**Exercise**
Take the line that contains "close up of carpet being cleaned" as the first line and the final line of the records as the last; return exactly those lines and the lines between.

**Records provided**
╔══
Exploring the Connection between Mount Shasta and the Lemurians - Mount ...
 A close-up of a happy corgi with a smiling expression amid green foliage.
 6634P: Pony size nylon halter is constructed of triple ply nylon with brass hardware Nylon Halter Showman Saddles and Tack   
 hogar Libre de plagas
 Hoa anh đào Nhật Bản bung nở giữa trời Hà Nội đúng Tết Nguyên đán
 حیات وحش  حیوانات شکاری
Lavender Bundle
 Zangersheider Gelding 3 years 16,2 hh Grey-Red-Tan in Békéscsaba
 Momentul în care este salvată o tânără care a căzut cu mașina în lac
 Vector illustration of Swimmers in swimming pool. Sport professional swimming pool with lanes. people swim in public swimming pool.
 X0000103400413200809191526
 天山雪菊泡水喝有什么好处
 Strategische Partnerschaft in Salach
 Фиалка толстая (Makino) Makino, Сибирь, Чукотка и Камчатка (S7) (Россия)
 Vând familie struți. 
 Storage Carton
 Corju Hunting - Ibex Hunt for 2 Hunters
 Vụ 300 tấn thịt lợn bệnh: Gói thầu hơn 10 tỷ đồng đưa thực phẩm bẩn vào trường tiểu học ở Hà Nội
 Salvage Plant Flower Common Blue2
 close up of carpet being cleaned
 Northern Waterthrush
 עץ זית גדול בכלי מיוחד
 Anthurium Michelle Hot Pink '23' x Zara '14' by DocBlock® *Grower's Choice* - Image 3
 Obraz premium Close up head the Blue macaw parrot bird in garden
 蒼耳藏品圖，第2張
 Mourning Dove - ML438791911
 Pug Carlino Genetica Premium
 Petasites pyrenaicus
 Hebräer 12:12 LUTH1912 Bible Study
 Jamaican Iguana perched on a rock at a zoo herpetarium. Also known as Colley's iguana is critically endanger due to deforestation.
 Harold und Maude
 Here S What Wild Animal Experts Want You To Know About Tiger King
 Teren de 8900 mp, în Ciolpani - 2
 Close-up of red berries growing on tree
╚══
**Exercise answer**
 close up of carpet being cleaned
 Northern Waterthrush
 עץ זית גדול בכלי מיוחד
 Anthurium Michelle Hot Pink '23' x Zara '14' by DocBlock® *Grower's Choice* - Image 3
 Obraz premium Close up head the Blue macaw parrot bird in garden
 蒼耳藏品圖，第2張
 Mourning Dove - ML438791911
 Pug Carlino Genetica Premium
 Petasites pyrenaicus
 Hebräer 12:12 LUTH1912 Bible Study
 Jamaican Iguana perched on a rock at a zoo herpetarium. Also known as Colley's iguana is critically endanger due to deforestation.
 Harold und Maude
 Here S What Wild Animal Experts Want You To Know About Tiger King
 Teren de 8900 mp, în Ciolpani - 2
 Close-up of red berries growing on tree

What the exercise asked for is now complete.